Petite explication. En Birmanie, l'immense majorité des hommes porte le sarong, qu'on appelle ici "longyi". C'est en fait très pratique et très agréable à porter quand on sait bien le nouer (autrement gare au ridicule s'il tombe sur les chevilles en pleine rue). Je devance vos questions : oui je m'en suis acheté un, et non vous ne verrez pas de photos prouvant que je l'ai bien porté...

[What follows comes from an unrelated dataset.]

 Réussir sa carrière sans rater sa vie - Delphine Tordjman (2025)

Pour la peinture sur la peau des femmes et des enfants, c'est en fait un produit de beauté qui fait aussi office de protection solaire et de répulsif pour les moustiques. Cela s'appelle du tanakah, et ça s'obtient en frottant le bois du même nom sur une pierre avec un peu d'eau.

Pour le crachat rouge, c'est en fait une tradition là aussi vivace chez les birmans, qui chiquent souvent une mixture à base de noix de betel, de pate de calcaire, et de tabac. On trouve ça aussi en Inde, sauf qu'ici tout le monde se fait son petit mélange perso au lieu d'acheter son petit sachet industriel. L'effet secondaire c'est qu'à la longue ça a l'air de leur pourrir les dents cette affaire là...

Un autre aspect qui nous frappe aussi c'est la diversité des cultures et des métissages ici. Chinois, indiens, thais, le Myanmar a des frontières avec beaucoup de pays, et la capitale a manifestement été le lieu de beaucoup d'échanges et de migrations par le passé, et ça continue dans une certaine mesure encore maintenant.

Et puis il y a des moines et des nonnes partout. La religion tient une place très importante dans le pays, et ça se voit dans les innombrables pagodes, temples, monuments et monastères du pays. C'est bien simple, il y aurait près d'un million de moines ici, soit près de 2% de la population. Et comme le bouddhiste est pragmatique, il est facile de différencier hommes et femmes malgré la boule à zéro, et même de dos : une tenue couleur orange / brun pour les garçons, et un joli rose pastel pour les filles.



Que dire de ce premier contact avec le Myanmar? Même si le pays a l'air très pauvre et franchement en retard par rapport aux voisins, c'est finalement moins sous développé et moins coupé du monde qu'on ne l'avait imaginé. Les malls et les buldings modernes poussent en ville, les cybers cafés s'implantent partout, même si la censure veille (ce qui explique l'absence d'articles sur le blog depuis un mois). Les locaux sont très bien informés sur l'actualité internationale, depuis les déboires de l'ex-président du FMI jusqu'à la grossesse de Madame Sarkozy, en passant par les résultats de la champions league, qui passionne beaucoup de monde ici. Après, pour un birman, sortir du pays pour visiter d'autres contrées est un rêve inaccessible, comme dans beaucoup d'endroits finalement.

Passons à la ville maintenant. Yangon est une capitale un peu crasseuse, pas particulièrement belle, mais avec un certain charme. Entre bâtiments coloniaux décrépis, ruelles animées et pagodes recouvertes d'or, le plaisir des yeux est assuré.









Des pagodes et monastères partout, avec souvent des reliques de Bouddha (cheveux, os ou dents), et évidemment des centaines de statues le représentant, de la plus petite à l'immense mesurant plusieurs dizaines de mètres :










Et puis il y a Shwedagon Paya, le temple le plus célèbre de Birmanie, qui trône au milieu de la ville. Magnifique, surtout de nuit, cette pagode attire de nombreux touristes mais surtout des centaines de locaux venus prier et se recueillir devant la pointe de la stupa, perchée à 100 m du sol, qui hébergerait quelques cheveux du dernier Bouddha. C'est vraiment un très bel endroit, avec une atmosphère particulièrement sereine.